WHAT YOU ARE ASKED TO DO:
Word for word, the data below must be repeated in full; no picture is to be included.

AVAILABLE DATA:
§ §

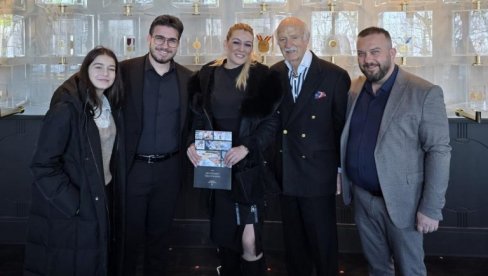 OBEĆANJE JE SADA ISPUNJENO: Borko Radivojević nije ni slutio da će taj trenutak doći brže nego što je mislio (FOTO)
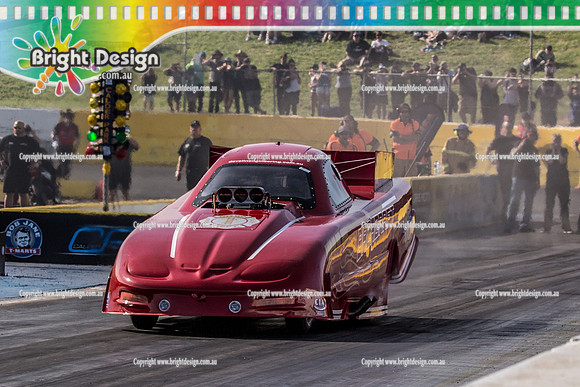 APSA & Nitro Funny Cars @ Calder Park Drag Racing Sat 29 Oct 2016 (66421)  BACKDRAFT  540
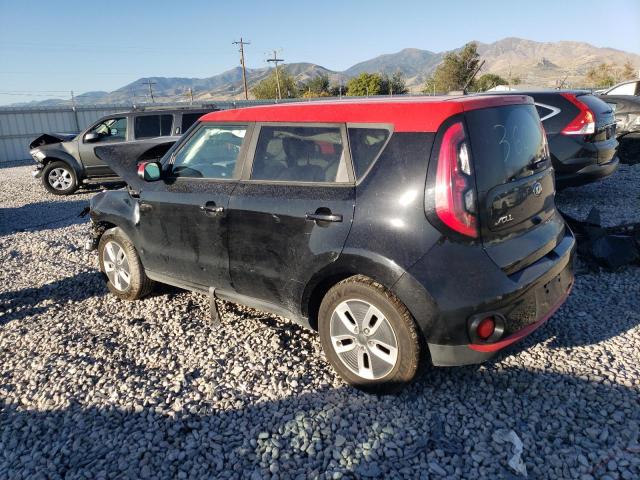 2017 KIA SOUL EV - KNDJP3AE8H7019748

§ §

OUTPUT BELOW:
 OBEĆANJE JE SADA ISPUNJENO: Borko Radivojević nije ni slutio da će taj trenutak doći brže nego što je mislio (FOTO)
 APSA & Nitro Funny Cars @ Calder Park Drag Racing Sat 29 Oct 2016 (66421)  BACKDRAFT  540
 2017 KIA SOUL EV - KNDJP3AE8H7019748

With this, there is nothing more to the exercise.